Stored data:
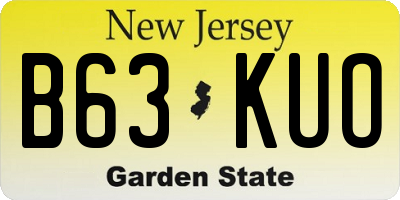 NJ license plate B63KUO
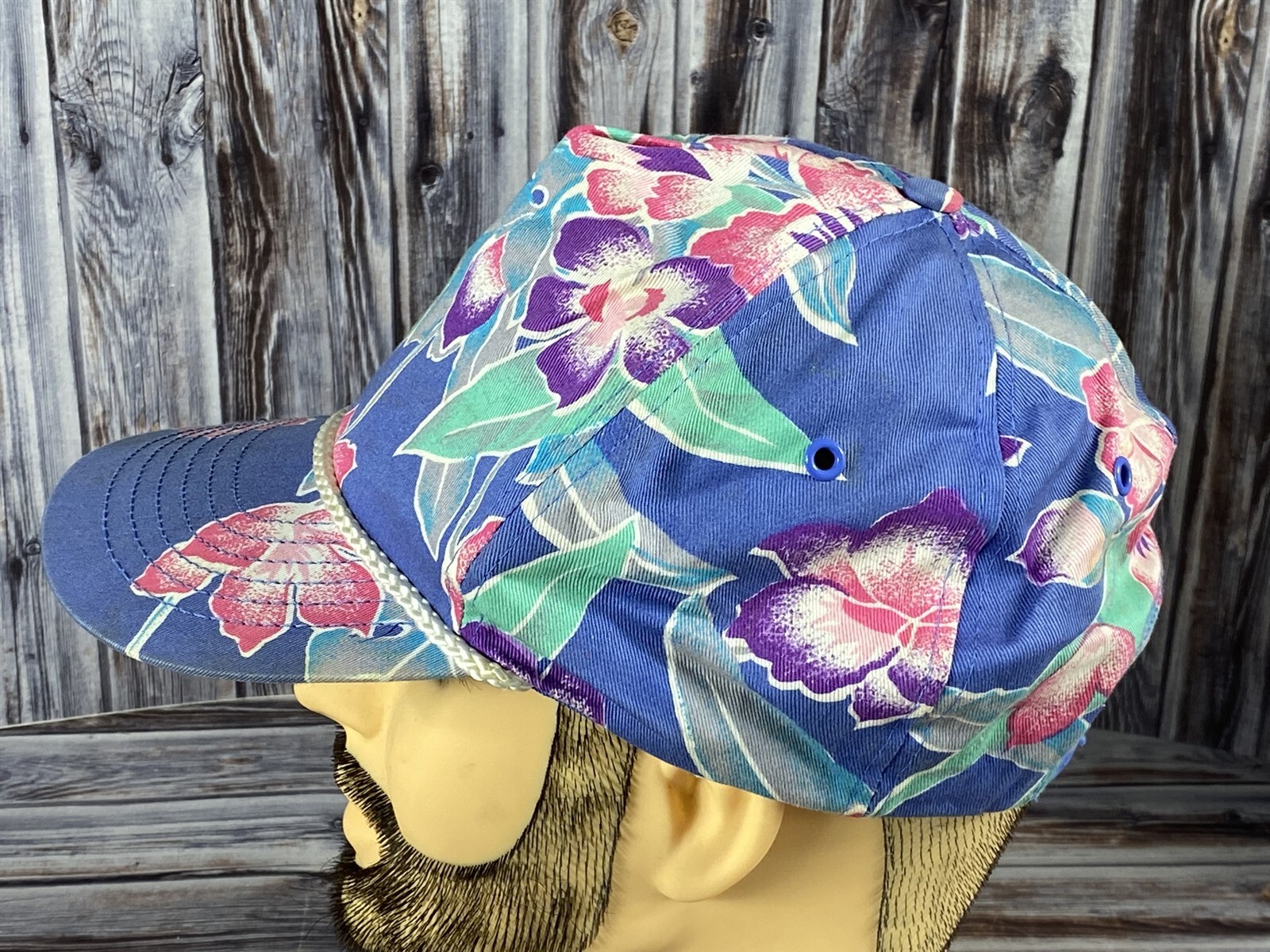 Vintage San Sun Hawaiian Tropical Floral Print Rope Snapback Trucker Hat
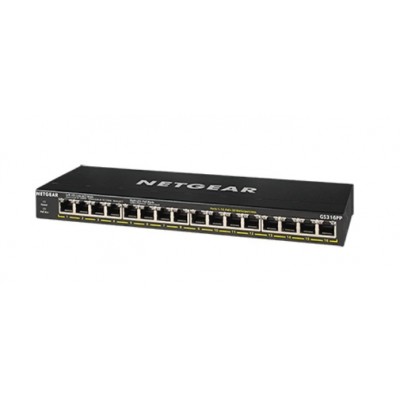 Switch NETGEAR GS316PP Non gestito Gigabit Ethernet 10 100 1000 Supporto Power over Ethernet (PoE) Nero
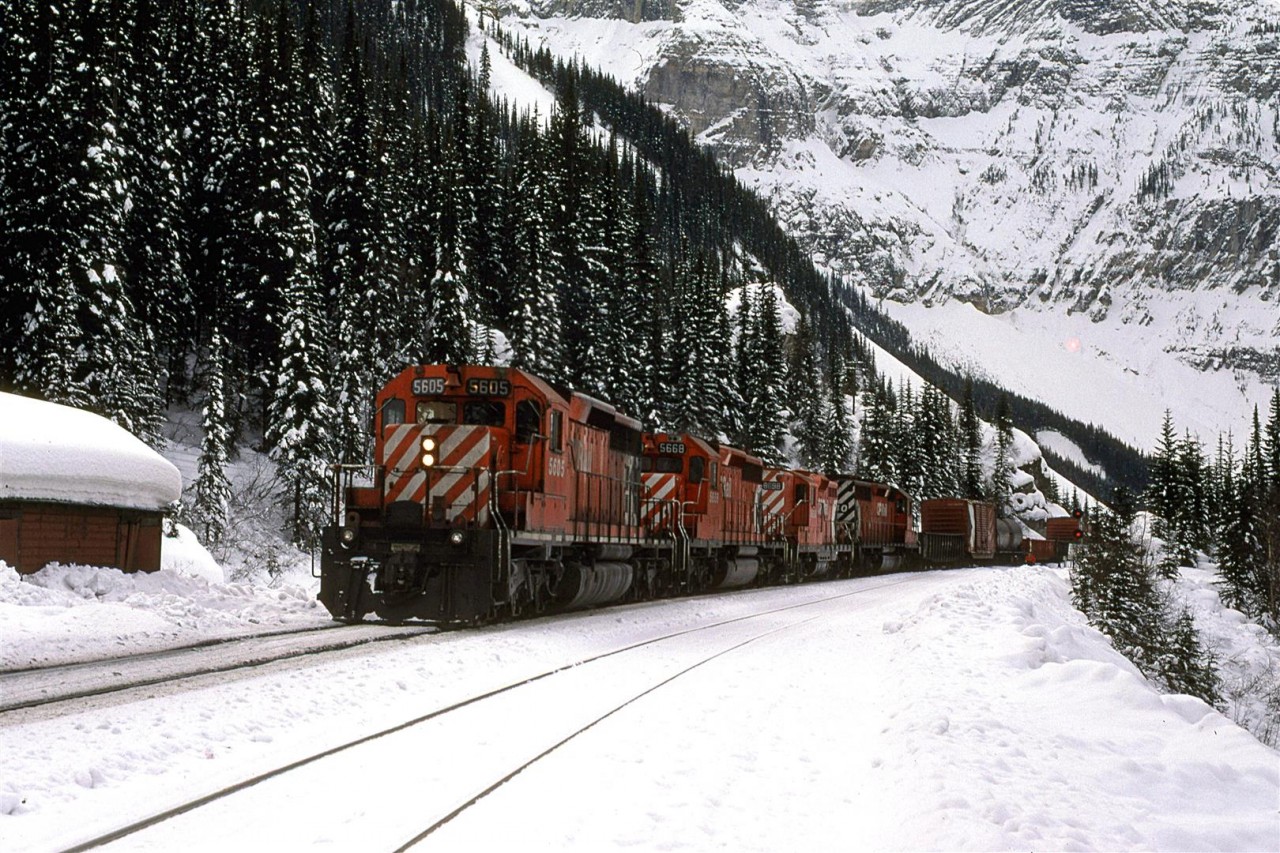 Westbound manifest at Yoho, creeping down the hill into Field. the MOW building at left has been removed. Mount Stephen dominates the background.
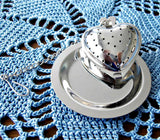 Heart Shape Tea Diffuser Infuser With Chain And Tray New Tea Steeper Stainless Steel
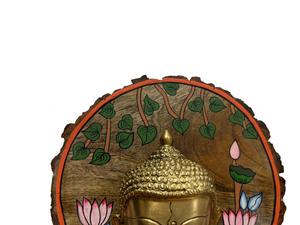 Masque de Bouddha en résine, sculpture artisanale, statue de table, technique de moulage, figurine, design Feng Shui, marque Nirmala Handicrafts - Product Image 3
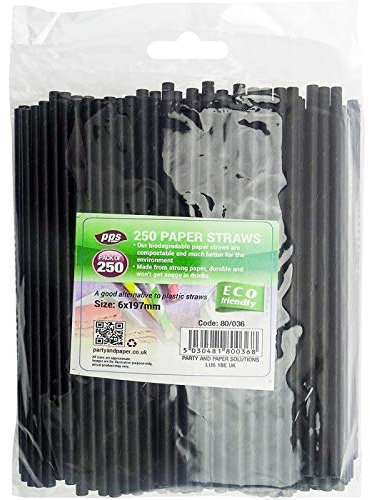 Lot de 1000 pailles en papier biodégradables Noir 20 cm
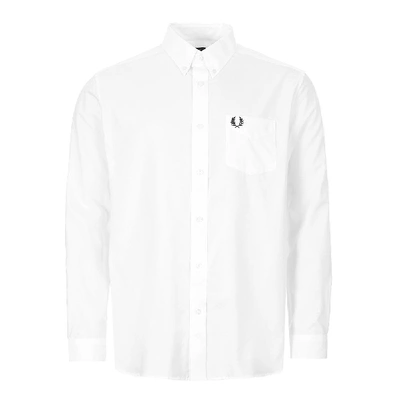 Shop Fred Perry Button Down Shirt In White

Work required:
Repeat the material above verbatim, with no pictures in the output.

Result:
 NJ license plate B63KUO
 Vintage San Sun Hawaiian Tropical Floral Print Rope Snapback Trucker Hat
 Switch NETGEAR GS316PP Non gestito Gigabit Ethernet 10 100 1000 Supporto Power over Ethernet (PoE) Nero
 Westbound manifest at Yoho, creeping down the hill into Field. the MOW building at left has been removed. Mount Stephen dominates the background.
 Heart Shape Tea Diffuser Infuser With Chain And Tray New Tea Steeper Stainless Steel
 Masque de Bouddha en résine, sculpture artisanale, statue de table, technique de moulage, figurine, design Feng Shui, marque Nirmala Handicrafts - Product Image 3
 Lot de 1000 pailles en papier biodégradables Noir 20 cm
 Shop Fred Perry Button Down Shirt In White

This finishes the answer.